Task prompt
Repeat the data exactly, please; no pictures belong in the copy.

Data section

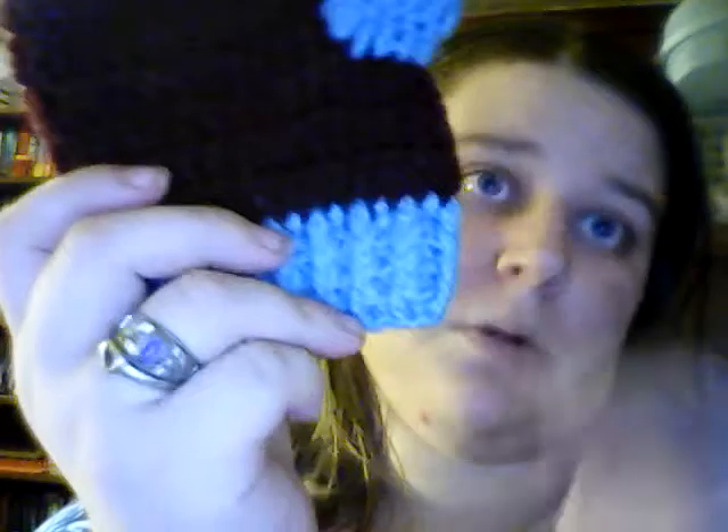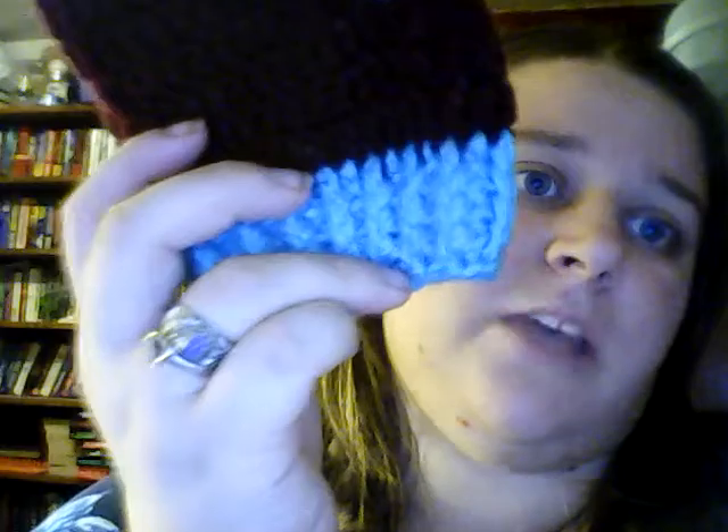Just one thing — these mittens right here, I got the idea off of Made with Love by Glamaw. I watched hers and the actual mitten part was fine. Then when I started doing the cuff it was giving me kind of an issue. What I did was I just turned off the video and watched it in silence to understand what she was doing, and finally I got it.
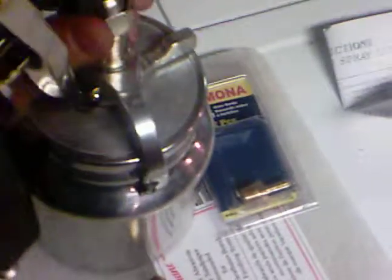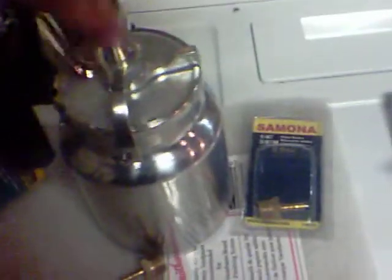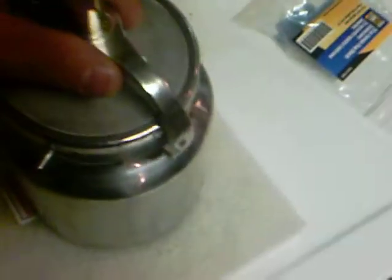I thought I'd use the gun part here — I'll save the rest for later. It's stainless steel and has this awesome little quick connect: it locks, turns, and lifts up. It's got a tube that fits right into the bottom.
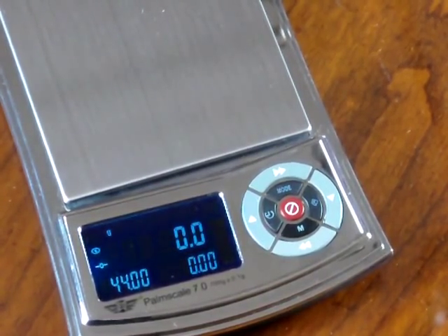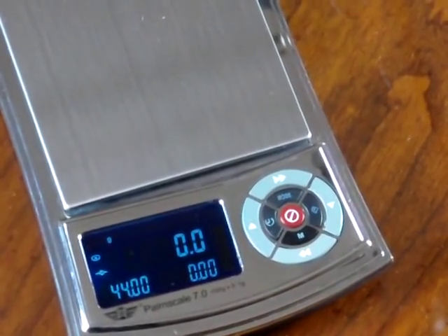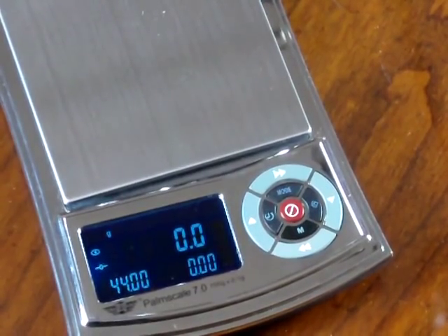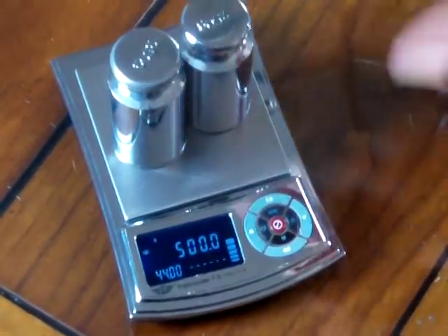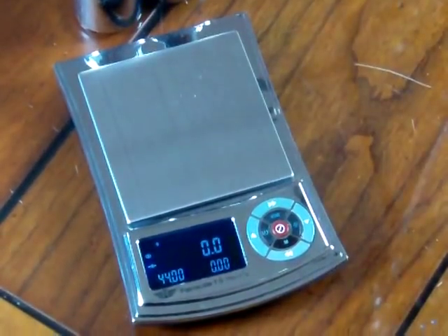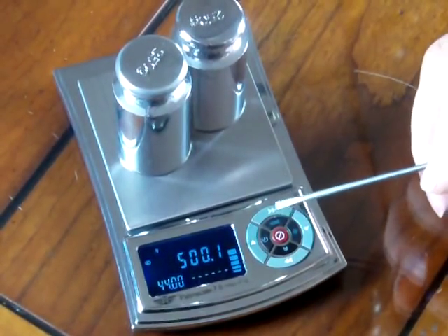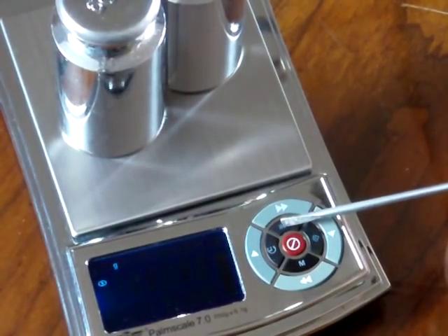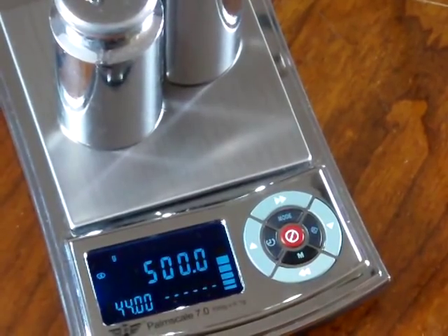Now let's go over the calibration. Calibration on this scale is really easy. To calibrate the scale, all one needs to do is have the calibration weights — the scale comes with two 250 gram weights, so that comes out to 500 grams. To do the calibration, you put the two weights on the scale and press and hold down the mode button — that's the top button on the inner circle. You'll see it flashes the required weight, which is 500, flashes it two times, and then it says 'Pass.' So the scale has now been calibrated.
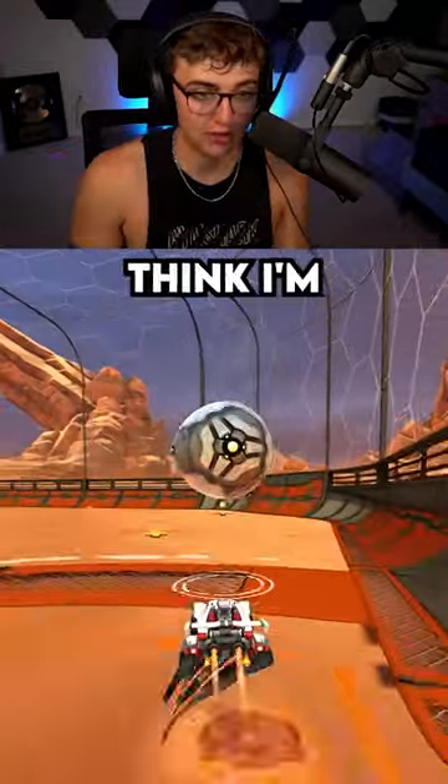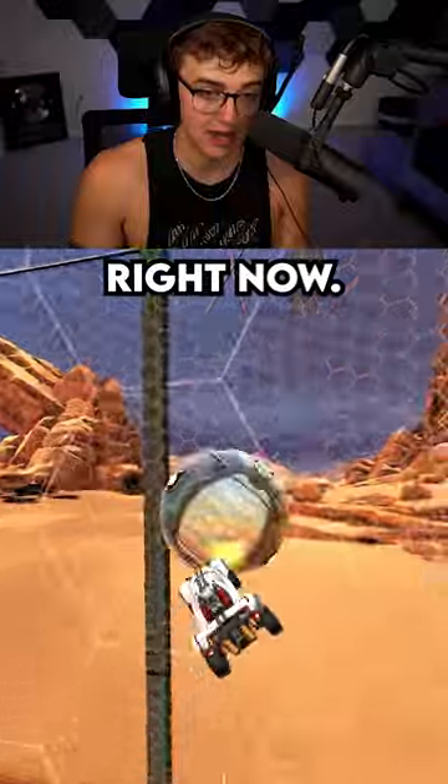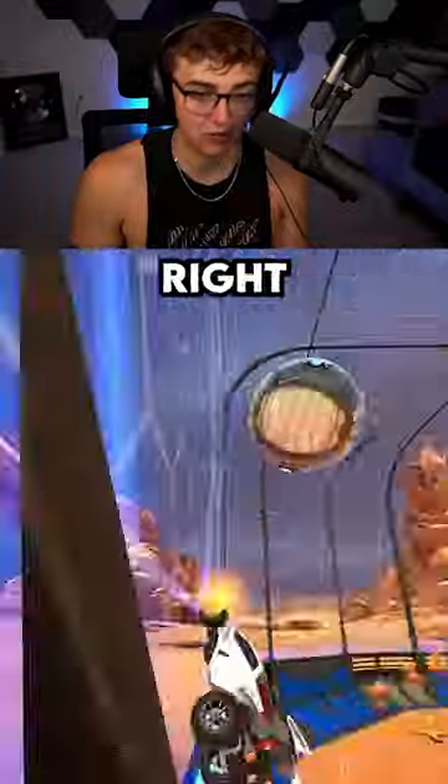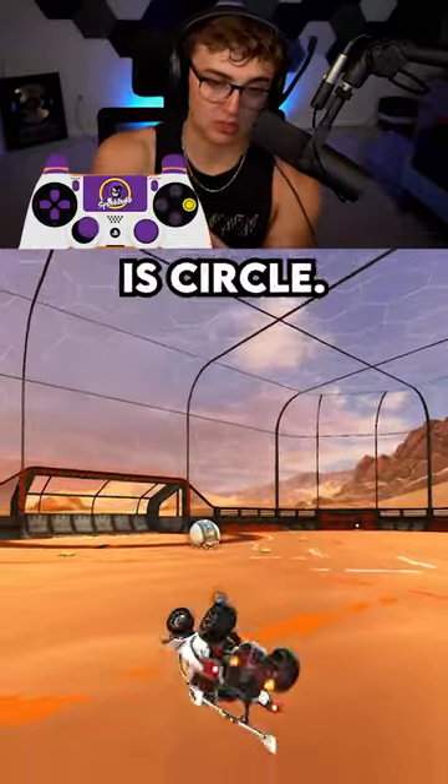Any long-term aerial — like if I'm taking off and taking the ball into the air right now — I'm using directional aerial. This is aerial left or aerial right. My aerial left is square and my aerial right is circle.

Result for this task
Just one thing — these mittens right here, I got the idea off of Made with Love by Glamaw. I watched hers and the actual mitten part was fine. Then when I started doing the cuff it was giving me kind of an issue. What I did was I just turned off the video and watched it in silence to understand what she was doing, and finally I got it.
I thought I'd use the gun part here — I'll save the rest for later. It's stainless steel and has this awesome little quick connect: it locks, turns, and lifts up. It's got a tube that fits right into the bottom.
Now let's go over the calibration. Calibration on this scale is really easy. To calibrate the scale, all one needs to do is have the calibration weights — the scale comes with two 250 gram weights, so that comes out to 500 grams. To do the calibration, you put the two weights on the scale and press and hold down the mode button — that's the top button on the inner circle. You'll see it flashes the required weight, which is 500, flashes it two times, and then it says 'Pass.' So the scale has now been calibrated.
Any long-term aerial — like if I'm taking off and taking the ball into the air right now — I'm using directional aerial. This is aerial left or aerial right. My aerial left is square and my aerial right is circle.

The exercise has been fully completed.